CSV/Flat File to Table

This component allows you to automatically convert a Delimited or Fixed Length document into a data set of rows and columns. This component operates on a column; you can either specify the name of the column or its index. If the pipeline data set contains multiple rows, all the rows will be processed individually and the results will be concatenated into a single output.

If the file has a header line, check the Has a header row option. Use the skip first lines to ignore a set number of lines on top of the file. The Trim Fields option will remove trailing and leading spaces, if any.

Choose a Quoted Identifier if you would like the identifier to be removed automatically, such as surrounding double-quotes.

Choose the Delimited File if the data has a separator between fields. Note that if leave the (auto) option selected, DataZen will do its best to identify the most likely separator by performing a quick lookup on the first few rows. However, in some cases, you may need to pick the desired separator when multiple options are possible. In addition, you can list more than one character separator (for example, you could split all the fields by both a comma and a semi-column: ,;).

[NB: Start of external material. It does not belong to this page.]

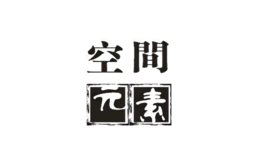 空間元素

Choose the Fixed Length File option when the data is aligned at specific locations. When choosing this option, a position box is displayed that allows you to specify the list of positions to use separated by a comma. For example, you could enter: 10,25,29,40. When providing this list of positions, the first position (0) is optional. In addition, you can use relative positions by adding a + symbol in front of any value: 0,10,20,+5,+1. Note that providing the list of positions is optional; if left empty, the component will automatically calculate the expected positions using a quick statistical analysis of the first few rows.

One or more comment tokens can be used to exlude rows from being processed. To specify multiple comment tokens, use a comma between them. For example: #,--

In this example, the first column (index 0) holds a delimited file (as seen in the File Content window). The delimiter of the file is automatically detected and this file has headers on its first row. After extracting and converting the CSV payload, the original pipeline data set is replaced with the output of this component.